La famille entière s’est placée chez les Park.

Moon-gwang (Lee Jung-eun), la précédente gouvernante, sonne à la porte. Son mari vit dans la cave depuis des années. Elle découvre que la famille a comploté pour l’éjecter, et menace de dénoncer tout le monde. La bagarre est rapidement avortée par le retour impromptu des Park qui ne se doutent absolument de rien, en dehors peut-être d’une odeur de torchon mal séché qui pique les narines sensibles du patriarche. 

L’appartement de Goyang est inondé. La famille prend la direction le gymnase, en compagnie de milliers d’autres sans logis. Malheureusement, la comédie doit continuer. Les Park doivent assister à l’anniversaire de Da-song.

Lors de la garden party, le mari de Moon-gwang sort de son trou. Il blesse Ki-woo et tue Ki-jung. Panique générale. D’autres personnes sont blessées, dont Da-song. Monsieur Park réclame les clés de la Mercedes. L’odeur de ces gens de l’entre-sol semble une nouvelle fois l’incommoder. Il se pince le nez.

Ki-taek, dont la fille vient de mourir dans ses bras, ne peut pas le supporter. Il s’approche de son patron, le poignarde, puis disparait.

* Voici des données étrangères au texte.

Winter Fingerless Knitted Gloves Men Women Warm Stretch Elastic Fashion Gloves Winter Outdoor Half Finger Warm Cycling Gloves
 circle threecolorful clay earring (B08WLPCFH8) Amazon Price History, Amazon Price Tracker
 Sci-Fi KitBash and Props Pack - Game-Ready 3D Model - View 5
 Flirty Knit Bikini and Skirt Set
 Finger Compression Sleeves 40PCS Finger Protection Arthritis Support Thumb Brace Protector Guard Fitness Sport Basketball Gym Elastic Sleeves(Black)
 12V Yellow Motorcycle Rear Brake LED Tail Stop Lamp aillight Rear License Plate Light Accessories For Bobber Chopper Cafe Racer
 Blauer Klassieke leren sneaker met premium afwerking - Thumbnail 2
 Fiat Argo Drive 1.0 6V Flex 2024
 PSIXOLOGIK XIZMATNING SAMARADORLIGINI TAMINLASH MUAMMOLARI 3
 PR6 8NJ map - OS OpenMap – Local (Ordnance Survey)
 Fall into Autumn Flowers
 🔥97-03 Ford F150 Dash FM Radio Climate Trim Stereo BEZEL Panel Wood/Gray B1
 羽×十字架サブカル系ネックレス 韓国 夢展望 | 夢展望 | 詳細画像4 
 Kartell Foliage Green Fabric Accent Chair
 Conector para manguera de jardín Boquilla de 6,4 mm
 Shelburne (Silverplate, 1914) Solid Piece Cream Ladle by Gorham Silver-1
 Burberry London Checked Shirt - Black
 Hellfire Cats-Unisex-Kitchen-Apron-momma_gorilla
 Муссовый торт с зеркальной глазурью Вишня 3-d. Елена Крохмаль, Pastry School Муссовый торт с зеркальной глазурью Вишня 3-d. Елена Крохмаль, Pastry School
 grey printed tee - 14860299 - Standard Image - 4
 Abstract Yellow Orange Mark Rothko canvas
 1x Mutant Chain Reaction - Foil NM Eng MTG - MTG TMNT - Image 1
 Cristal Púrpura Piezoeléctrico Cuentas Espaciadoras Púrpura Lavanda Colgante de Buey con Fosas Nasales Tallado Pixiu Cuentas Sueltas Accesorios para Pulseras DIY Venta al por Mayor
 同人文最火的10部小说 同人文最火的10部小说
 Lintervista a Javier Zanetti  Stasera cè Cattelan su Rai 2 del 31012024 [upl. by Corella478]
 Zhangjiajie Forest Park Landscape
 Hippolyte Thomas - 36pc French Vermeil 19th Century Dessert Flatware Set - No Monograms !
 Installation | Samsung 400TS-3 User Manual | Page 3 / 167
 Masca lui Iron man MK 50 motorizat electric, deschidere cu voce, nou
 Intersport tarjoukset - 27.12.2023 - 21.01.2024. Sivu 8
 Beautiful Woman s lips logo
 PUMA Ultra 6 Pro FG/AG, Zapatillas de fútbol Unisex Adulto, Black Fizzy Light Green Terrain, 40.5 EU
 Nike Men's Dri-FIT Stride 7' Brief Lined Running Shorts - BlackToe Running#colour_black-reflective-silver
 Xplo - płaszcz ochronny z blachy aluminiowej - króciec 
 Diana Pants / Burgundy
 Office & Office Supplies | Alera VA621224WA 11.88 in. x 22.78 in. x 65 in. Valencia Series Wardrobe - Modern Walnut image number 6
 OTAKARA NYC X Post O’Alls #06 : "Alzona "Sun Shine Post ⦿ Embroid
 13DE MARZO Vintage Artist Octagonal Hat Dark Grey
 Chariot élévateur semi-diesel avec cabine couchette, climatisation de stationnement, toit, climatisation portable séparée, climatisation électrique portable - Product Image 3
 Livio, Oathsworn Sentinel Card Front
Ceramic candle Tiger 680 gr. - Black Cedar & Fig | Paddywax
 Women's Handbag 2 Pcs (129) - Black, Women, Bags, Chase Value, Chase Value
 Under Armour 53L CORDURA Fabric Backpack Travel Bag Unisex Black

Ki-woo sort du coma. Sa mère et lui sont finalement acquittés tandis que le père reste en cavale. Caché au sous-sol, où il sait que personne ne viendra le chercher. Sauf peut-être son fils.

Ki-woo comprend la situation. Alors il devient très riche, rachète la maison et rend sa liberté à son père.

En tout cas, c’est son plan…

Je vais gagner beaucoup d’argent. Tu n’auras plus qu’à sortir. En attendant ce jour, prends soin de toi.

L’EXPLICATION

Parasite, c’est l’impossibilité d’oublier d’où l’on vient.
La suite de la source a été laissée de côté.